Bareskrim Diminta Ambil Alih dan Lakukan Supervisi
Menilai Polda Sulbar gagal menjamin penegakan hukum yang independen, kuasa hukum APSP secara resmi meminta Bareskrim Polri mengambil alih seluruh penanganan perkara, termasuk membuka kembali laporan yang telah dihentikan secara tidak wajar. Kali ini, laporan diperluas tidak hanya terhadap PT Letawa, tetapi juga PT Mamuang dan PT Pasangkayu seluruhnya merupakan bagian dari Grup AAL.

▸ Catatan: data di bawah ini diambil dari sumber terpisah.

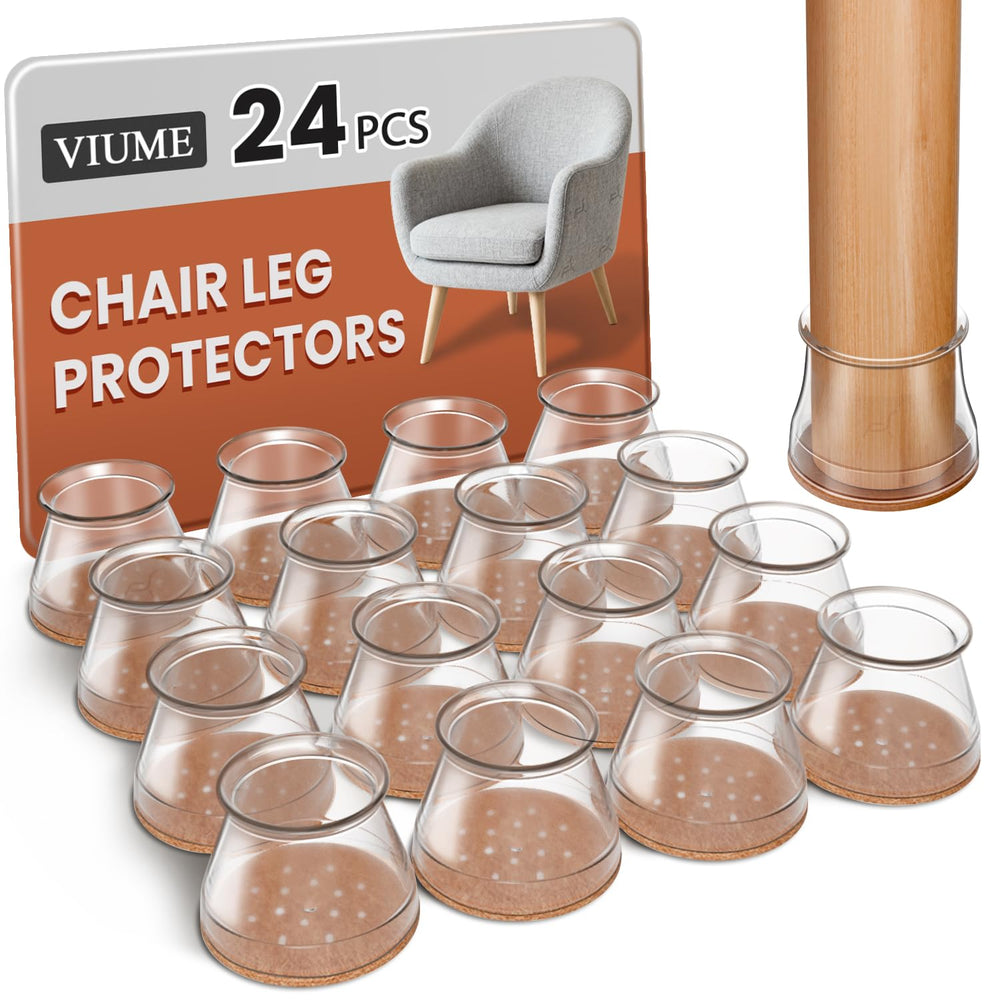 VIUME vista frontal del empaque con 24 protectores protegiendo suelos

Dalam laporan bernomor 055/HJ-B&P/VII/2025, tim hukum melampirkan sejumlah dokumen penting, antara lain:
- Salinan laporan polisi dan SP2HP dari Polda Sulbar
- Dokumen legalitas perusahaan, peta HGU/IUP
- Bukti perambahan kawasan hutan
- Data lapangan dan pelanggaran administratif lainnya
Mereka juga meminta penyelidikan diperluas pada indikasi gratifikasi atau suap yang diduga diberikan oleh perusahaan kepada aparat penegak hukum daerah untuk menghentikan laporan masyarakat.

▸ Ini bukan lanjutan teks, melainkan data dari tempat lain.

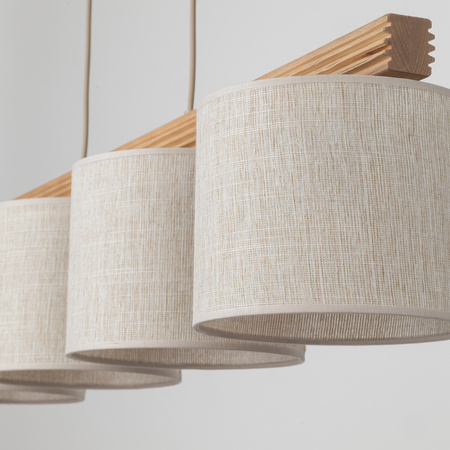 Lampa wisząca cztery abażury na drewnianej belce VIGA SHADE SOSNA 4xE27 Tk Lighting 11770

Melanggar UU Perkebunan, Tipikor, dan Putusan Mahkamah Konstitusi
Menurut tim hukum HJ BINTANG dan PARTNERS, tindakan perusahaan bukan hanya pelanggaran administratif, melainkan sudah masuk dalam kategori tindak pidana korupsi, sebagaimana diatur dalam UU No. 31 Tahun 1999 jo. UU No. 20 Tahun 2001.
Laporan ini juga mengacu pada:
Putusan MK No. 138/PUU-XIII/2015, yang menegaskan legalitas HGU dan IUP sebagai syarat mutlak operasional perkebunan Permen ATR/BPN No. 7/2017. Selain itu, Permen Pertanian No. 26/2007 terkait kewajiban pembangunan kebun plasma Prinsip non-diskriminasi dalam KUHAP yang melarang penghentian penyidikan secara tidak sah atau berpihak
“Kita bicara tentang kerugian negara, perampasan hak rakyat, dan pembiaran hukum. Sudah waktunya Bareskrim hadir untuk memperbaiki kerusakan hukum yang ditinggalkan oleh permainan kekuasaan modal,” tegas Hasri.

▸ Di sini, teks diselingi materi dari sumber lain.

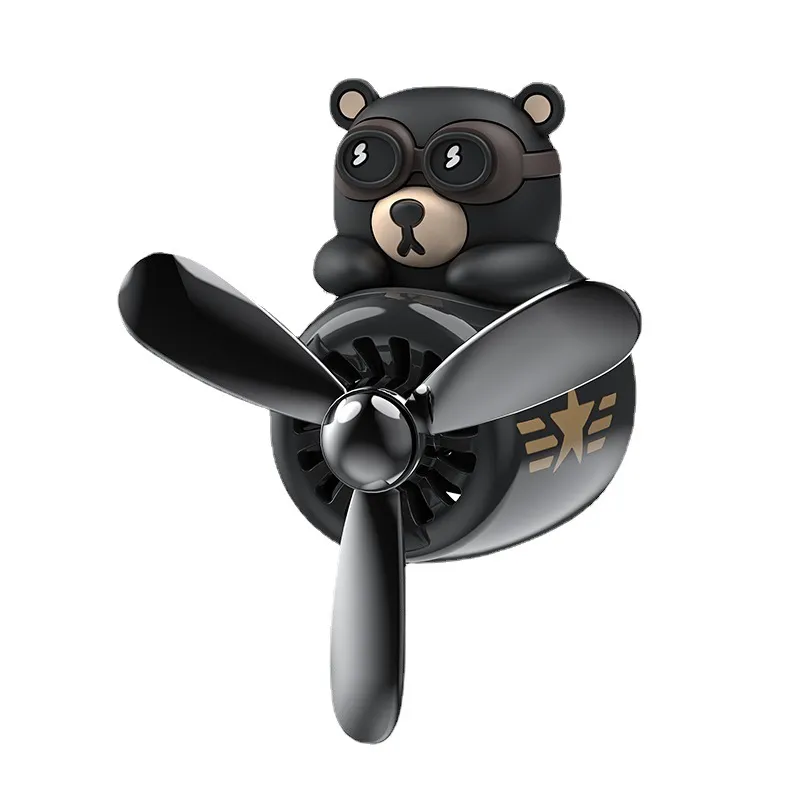 Bear Pilot Car Air Freshener Rotating Propeller Outlet Fragrance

Langkah Lanjutan: Pengawalan dan Evaluasi Etik
HJ BINTANG dan PARTNERS memastikan akan terus mengawal kasus ini hingga tuntas, termasuk membuka kemungkinan melaporkan pelanggaran etik oleh aparat penegak hukum di wilayah Sulawesi Barat jika ditemukan adanya pelanggaran kode etik atau konflik kepentingan.
“Fokus kami sekarang adalah membuka ruang keadilan yang ditutup oleh tekanan korporasi. Bareskrim harus menjadi institusi yang berpihak pada kebenaran dan hukum, bukan pada kuasa modal,” pungkas Hasri.